In the end, my diving experience and finding a buddy weren’t an issue. As for Jaws, turns out the Great Whites prefer the cold waters of South Australia and don’t exist in the warm tropical waters of Queensland. All that worrying was just wasted energy. I wish someone had told me what to expect on a liveaboard, to prepare and encourage me for this experience. So to help others trying it for the first time, this is my list of things you should know about liveaboards in Australia.


Liveaboards Cater To Everyone

As a general rule, popular (touristic) dive sites attract a mix of divers from the newly certified and inexperienced to the most advanced divers. You should confirm prior to booking, but it’s safe to say that most of these dive operators will cater to all levels of diving experience.

The boat that I went on was full and had people doing their open water PADI certifications, a large number of certified divers with limited experience and 2 or 3 expert divers. My fear of being the only inexperienced diver on the boat was unfounded.

Pro Dive did a great job of giving an orientation to everyone onboard on the rules and safety procedures. They also made sure everyone had a diving buddy. Now who you get as a diving buddy is a complete crapshoot. I was lucky, my diving buddy was an experienced diver and my roommate on the boat. He was extremely friendly and we got along great. On the flipside, I had a friend (an experienced diver) who did the Pro Dive liveaboard a month earlier. He didn’t get a long with his assigned buddy and (after some drama) ended up switching his diving partner.


Expect Tight Quarters

Unless you splashed out on a high end liveaboard, expect the living quarters to be tight. I mean micro tiny. Most liveaboards will request that you bring the minimum amount of baggage onboard due to limited space. Pro Dive had a storage area in the back of their office for people to place their bigger baggage while they were out to sea.

Below is a video from my first day on Pro Dive liveaboard, it shows the room size you can generally expect on these boats.


Setup Your Gear Once

The great thing about a liveaboard is you’ll only have to setup your gear once,  allowing for more dives during the day. Each of us was assigned a space and an air cylinder. Every time we returned from a dive, we placed out equipment in a reserved slot. Our air tanks would then be refilled by the crew, allowing for quick turnarounds between dives.


More Diving Variety

Being on a boat for an extended period of time opens up the possibilities of dive sites you can visit. Over the course of the 11 dives we got to do shallow, wall and deep dives, allowing us to see different fish, corals and marine animals. It was amazing.


Dive. Eat. Sleep. Repeat.

Dive. Eat. Sleep.  That’s all you’ll be doing on a liveaboard. With Pro Dive we were doing 4 dives a day. So we were literally diving, eating, diving, eating and more diving until the end of the day when we would crash and sleep. Continuous diving is physically demanding and it surprised me how hungry I’d get between dives.

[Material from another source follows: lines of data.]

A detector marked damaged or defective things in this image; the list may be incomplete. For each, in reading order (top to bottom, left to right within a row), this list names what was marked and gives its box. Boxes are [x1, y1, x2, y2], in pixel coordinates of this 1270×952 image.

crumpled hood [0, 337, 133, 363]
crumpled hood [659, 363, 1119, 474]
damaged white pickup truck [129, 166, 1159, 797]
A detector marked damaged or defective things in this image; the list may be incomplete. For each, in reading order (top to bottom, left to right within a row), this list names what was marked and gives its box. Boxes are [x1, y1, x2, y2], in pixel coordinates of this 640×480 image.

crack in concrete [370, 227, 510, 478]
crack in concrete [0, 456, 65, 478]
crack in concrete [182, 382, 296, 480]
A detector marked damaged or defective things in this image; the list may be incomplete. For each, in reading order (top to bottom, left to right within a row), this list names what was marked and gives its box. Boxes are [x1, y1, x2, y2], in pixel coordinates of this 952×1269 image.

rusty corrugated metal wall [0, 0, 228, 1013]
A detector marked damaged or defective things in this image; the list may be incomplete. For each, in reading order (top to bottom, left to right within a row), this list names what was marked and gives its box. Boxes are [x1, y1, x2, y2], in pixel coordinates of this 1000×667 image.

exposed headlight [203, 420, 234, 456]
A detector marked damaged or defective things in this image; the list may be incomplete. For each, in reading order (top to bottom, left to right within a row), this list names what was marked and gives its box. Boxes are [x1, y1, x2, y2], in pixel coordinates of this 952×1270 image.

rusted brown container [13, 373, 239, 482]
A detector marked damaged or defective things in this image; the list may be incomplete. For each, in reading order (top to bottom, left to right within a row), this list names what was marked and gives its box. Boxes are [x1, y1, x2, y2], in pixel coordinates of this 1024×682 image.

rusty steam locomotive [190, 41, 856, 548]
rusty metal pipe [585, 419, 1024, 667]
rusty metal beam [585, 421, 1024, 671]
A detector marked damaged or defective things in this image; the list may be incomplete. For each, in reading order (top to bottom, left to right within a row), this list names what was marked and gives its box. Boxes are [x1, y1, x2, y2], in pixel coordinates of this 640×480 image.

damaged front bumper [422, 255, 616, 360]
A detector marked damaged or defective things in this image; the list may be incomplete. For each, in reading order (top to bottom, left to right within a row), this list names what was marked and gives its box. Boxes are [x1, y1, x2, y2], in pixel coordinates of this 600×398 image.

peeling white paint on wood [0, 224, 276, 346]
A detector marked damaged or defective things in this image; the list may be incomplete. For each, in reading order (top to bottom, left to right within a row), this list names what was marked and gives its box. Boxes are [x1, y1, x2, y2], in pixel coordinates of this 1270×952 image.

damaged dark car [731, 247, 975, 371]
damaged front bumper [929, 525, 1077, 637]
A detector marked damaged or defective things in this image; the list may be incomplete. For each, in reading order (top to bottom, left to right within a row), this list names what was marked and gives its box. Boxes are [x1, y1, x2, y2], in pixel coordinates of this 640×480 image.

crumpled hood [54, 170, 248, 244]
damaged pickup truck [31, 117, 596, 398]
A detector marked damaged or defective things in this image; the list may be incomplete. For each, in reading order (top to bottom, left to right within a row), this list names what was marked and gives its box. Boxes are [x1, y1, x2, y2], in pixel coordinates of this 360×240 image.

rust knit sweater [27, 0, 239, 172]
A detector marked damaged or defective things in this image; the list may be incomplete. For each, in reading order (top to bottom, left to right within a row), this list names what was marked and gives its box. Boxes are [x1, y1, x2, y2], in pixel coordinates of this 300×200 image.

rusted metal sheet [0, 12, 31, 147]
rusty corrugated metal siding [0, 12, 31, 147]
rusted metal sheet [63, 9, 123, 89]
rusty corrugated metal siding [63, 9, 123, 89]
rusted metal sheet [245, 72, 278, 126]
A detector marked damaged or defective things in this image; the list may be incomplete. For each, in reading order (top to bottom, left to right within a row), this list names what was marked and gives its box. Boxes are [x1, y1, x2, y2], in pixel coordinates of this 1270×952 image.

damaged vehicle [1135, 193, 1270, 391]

A major plus, the cook on our boat was incredible. He baked and cooked up a storm and kept everyone well fed.


You’ll Learn Self Reliance

Australian liveaboards don’t provide guided dives. Meaning you’ll dive only with your buddy.

Prior to each dive there’s a briefing with the group to go over the dive site, we’re given navigation instructions and we were expected to navigate our way underwater. This shocked me. I’ve never dived without a guide and I found the prospect of doing so immensely disturbing. In hindsight this was one of the greatest lessons learned during this trip. It taught us to be self reliant underwater.

In my case, since my diving partner was experienced, I felt like I already had a guide and it didn’t impact me the first two day. The third day I had to switch partners because my buddy was flying within 24 hours and couldn’t dive the last day.

I won’t lie. It was a challenge, I had hard time differentiating underwater landmarks and found myself getting lost frequently. But by the third dive I found that my underwater bearings were improving. Like anything, all you need is a little practice.


You Must Do The Night Dives

Most liveaboards will probably have the option to do night dives over the course of your trip. Those who’ve never experienced it before may hesitate out of fear of diving into the dark black waters of the open sea.  Don’t let your fear stop you.


Trust me. I had the same hesitation and I almost backed out last minute. I would’ve cheated myself out of the greatest experience I’ve had in a long time. It was unbelievable. Yes, diving at night you’re enveloped in complete darkness underwater, with only a sliver of light coming from your flashlight. I’m not a brave person, but I quickly adjusted to the darkness and was OK with it.

During my night dive I saw a lot of reef sharks, which come out at night to feed. Large fish would swarm around our lights looking for prey that they couldn’t see without our lights. Best of all we came across a school of bait fish. When we shone the lights on them, a feeding frenzy of large fish and reef sharks attacked.

You must try it once. Night diving is amazing.

Water Is A Limited Resource

While on board a liveaboard fresh water is a precious commodity. So one of the rules given to us was 10 seconds to rinse between dives and I think they said 30 seconds or a minute for showers. I skipped the rinses between dives so that I could justify taking a little longer at end of day in the shower. At least I could go to bed and not have the sticky sea salt on my skin.


You’ll Make Friends Out At Sea

With any overnight tour, the odds are in your favor that you’ll make at least a couple of new friends. There’s no way to predict the group you’ll end up with in a boat, but generally these tend very social settings. People on my Pro Dive trip were great and happily mixed together. Even if you end up with the worst group of people on a diving trip, one would hope that you at least make friends with your diving buddy.


Morning After Sea Legs

This is something no one warned me about. While you’re at sea your body gets used to the boat rocking with the sea waves. I was surprised to find that once I got back to shore my body still felt like it was in the ocean. I felt my body sway to imaginary waves. It took about 1 or 2 days for that feeling to go away.